- [Instructions to follow] Nothing in the records should be changed in the copy, though the pictures must be left out.

· · · · · · ·

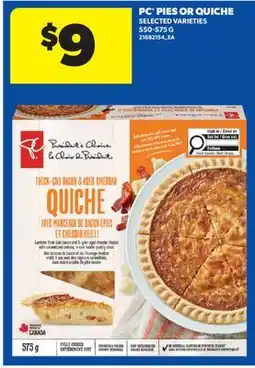 Real Canadian Superstore PC PIES OR QUICHE offer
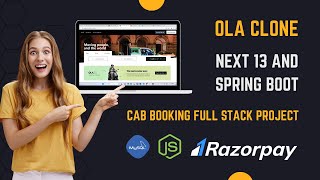 Cab Booking Full Stack Project With Next.js, Spring Boot, MySQL, Razorpay, Tailwind CSS, and MUI #1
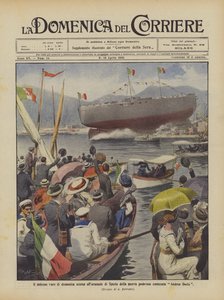 O solene lançado no último domingo do arsenal de Spezia do novo e poderoso navio de guerra Andrea Doria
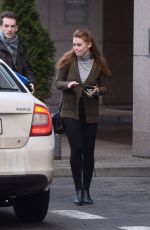 HOLLAND RODEN Leaves Her Hotel in Warsaw 11/25/2017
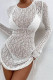 White Fashion Sexy Solid Hollowed Out See-through Swimwears Cover Up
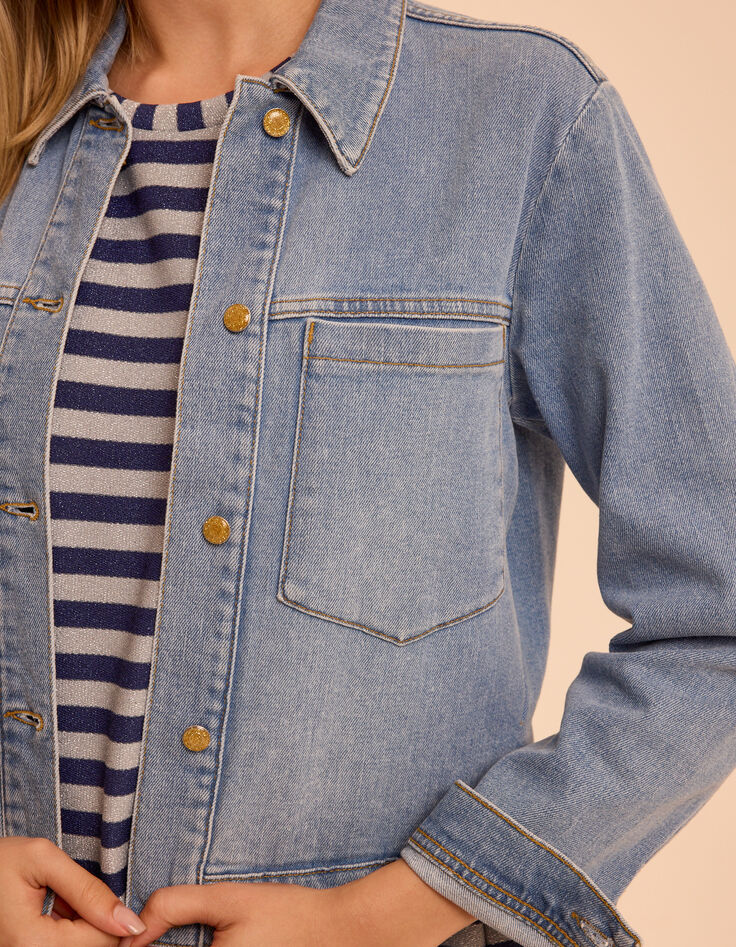 I.Code blue denim jacket-6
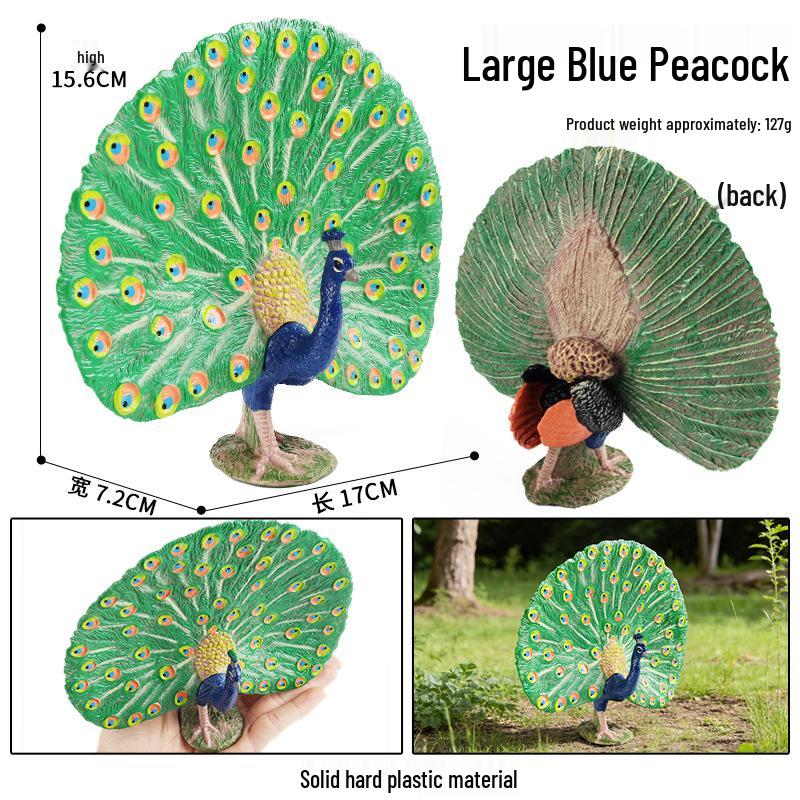 Kids' Bird Model Set: Toucan, Parrot, Ostrich, Peacock, Eagle, Pigeon, Owl.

· · · · · · ·

- [Response to the exercise]
 Real Canadian Superstore PC PIES OR QUICHE offer
 Cab Booking Full Stack Project With Next.js, Spring Boot, MySQL, Razorpay, Tailwind CSS, and MUI #1
 O solene lançado no último domingo do arsenal de Spezia do novo e poderoso navio de guerra Andrea Doria
 HOLLAND RODEN Leaves Her Hotel in Warsaw 11/25/2017
 White Fashion Sexy Solid Hollowed Out See-through Swimwears Cover Up
 I.Code blue denim jacket-6
 Kids' Bird Model Set: Toucan, Parrot, Ostrich, Peacock, Eagle, Pigeon, Owl.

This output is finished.